Psychisch Kranke Fotoprojekt soll ihre Sicht zum Gesprächsthema machen
Für den Aktionstag Inklusion im September sind drei Bewohner der Wohnstätte „Die Kette“ auf Entdeckungstour durch Hilgen gezogen.
Burscheid. Saso Marceski hat einen Traum: dass es eines Tages möglich ist, ohne schlechtes Gewissen oder Scham sagen zu können, dass man psychisch krank ist. Ihm ist klar: Dagegen stehen Unsicherheit und Angst, nicht nur bei den Kranken selbst, sondern auch bei denen, für die psychische Erkrankungen noch viel weniger fass- und vorstellbar sind als körperliche Behinderungen. Aber trotzdem sucht der 43-Jährige weiter nach Wegen, um seinem Traum näherzukommen.
Marceski weiß, wovon er redet. Er ist selbst psychisch krank. Seit dreieinhalb Jahren lebt er in der Wohnstätte des Vereins „Die Kette“ in Hilgen. Er ist Heimsprecher, engagiert sich im Runden Tisch für Menschen mit Behinderung. Und er setzt seine Hoffnungen auf den Aktionstag Inklusion, der für den 19. September in der Stadtbücherei geplant ist. Denkanstöße, Kontakte, neue Netzwerke sollen davon ausgehen.

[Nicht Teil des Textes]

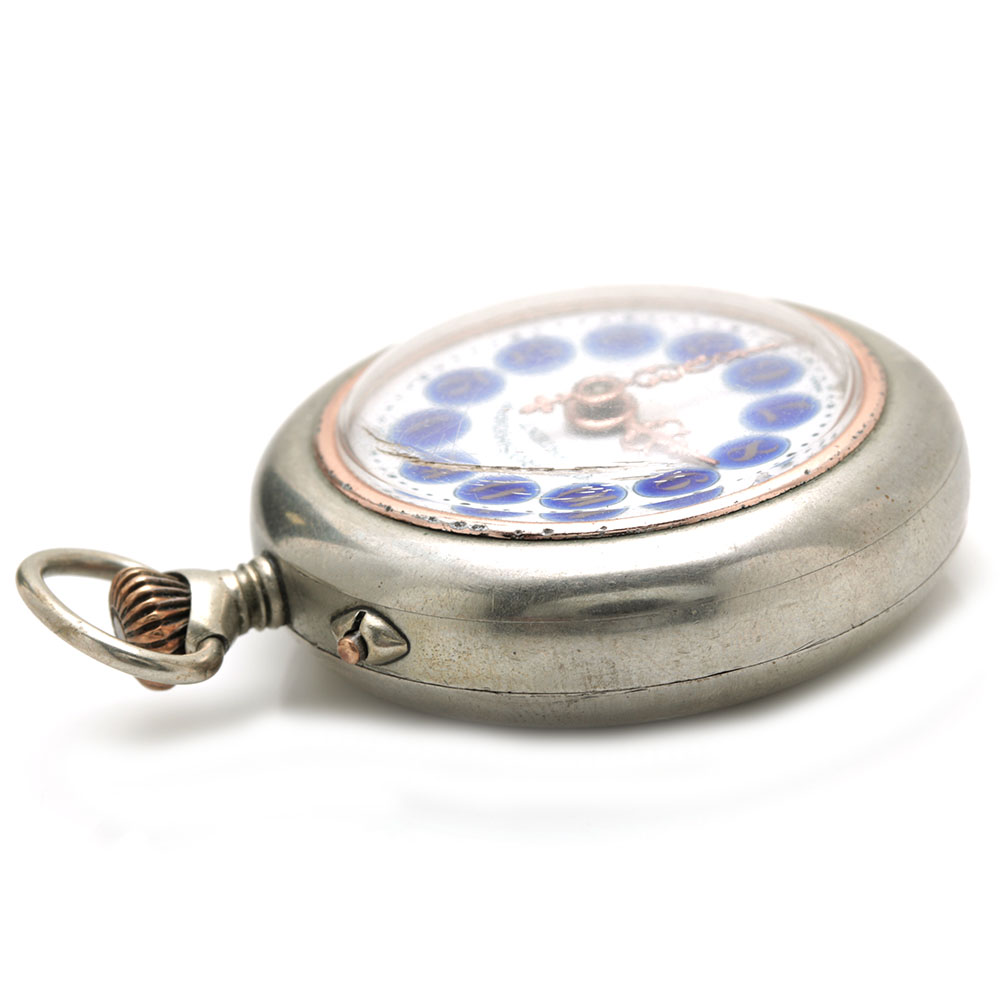 Gre Roskopf Patent Tri-Tone Pocket Watch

Marceski und seine Mitbewohner Tomasz Bak (39) und Andreas Beierle (51), beide Mitglieder im Behindertenbeirat, haben selbst einen Beitrag dafür geleistet. Auf Anregung der Beiratsvorsitzenden Ute Gagaridis machten sich die drei auf den Weg durch ihren Stadtteil und ließen sich an Orten fotografieren, die ihnen am Herzen oder aber auf dem Magen liegen. Das Ergebnis wird mit Erläuterungen am 19. September ausgestellt.
Eigentlich, so findet das Trio, lässt es sich in Hilgen schon gut aushalten. Sie schwärmen von netten Einzelhändlern wie dem Blumenladen Hammerschmidt oder der Bäckerei Kretzer. Sie freuen sich, wenn sie gegrüßt und erkannt werden und wenn am Brunnen der Maibaum oder der Weihnachtsbaum aufgerichtet werden. Zu dritt sind sie auch in der Gemeinde Hilgen-Neuenhaus aktiv, helfen am Waffelstand und nehmen am Männerkreis teil. Und Andreas Beierle verpasst bei gutem Wetter kaum eines der sonntäglichen Oldtimertreffen am alten Hilgener Bahnhof.

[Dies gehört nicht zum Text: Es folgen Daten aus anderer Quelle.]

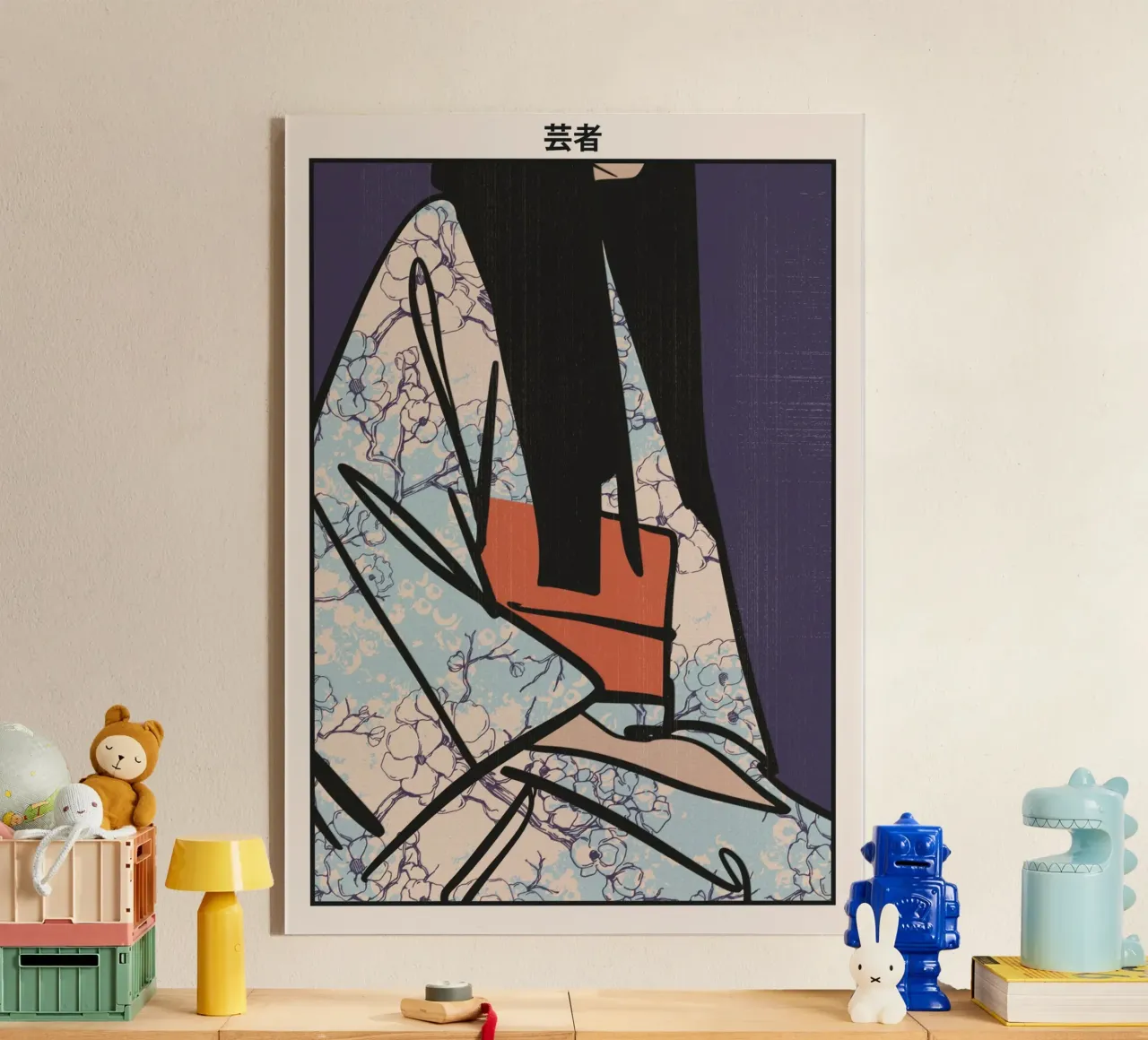 Geisha plexiglass da PurePeachStudio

Aber an Kleinigkeiten merken sie dann doch, dass ihre Wohnstätte trotz des schon 15-jährigen Bestehens noch nicht in allen Köpfen angekommen ist. Veranstaltungsplakate werden dort nur selten ausgehängt, manchmal wissen die drei gar nicht, was gerade los ist in ihrem Ort. Und negativ verbucht haben sie auf ihrer Tour die Baustelle auf der B 51 und dass es derzeit in Hilgen keine öffentliche Toilette gibt. Damit sind sie gleich mitten in der aktuellen kommunalpolitischen Diskussion um Kiosk und WC-Anlage auf dem Raiffeisenplatz.

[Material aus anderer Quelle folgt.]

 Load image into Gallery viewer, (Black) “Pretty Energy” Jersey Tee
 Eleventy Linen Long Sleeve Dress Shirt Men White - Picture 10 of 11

Dass sie zum Leben in Hilgen auch etwas zu sagen haben, soll mit ihrer Ausstellung sichtbar werden. Darum geht es ja, am 19. September und auch sonst beim Thema Inklusion, „dass Menschen mit Behinderungen die gleichen Rechte haben“, sagt Tomasz Bak.
Er und seine beiden Mitstreiter sind seit Jahren symptomfrei. Eines Tages, so ist das Ziel, sollen sie die Wohnstätte wieder verlassen und selbstständig leben. Und vielleicht ohne Scham sagen können: Ich war psychisch krank.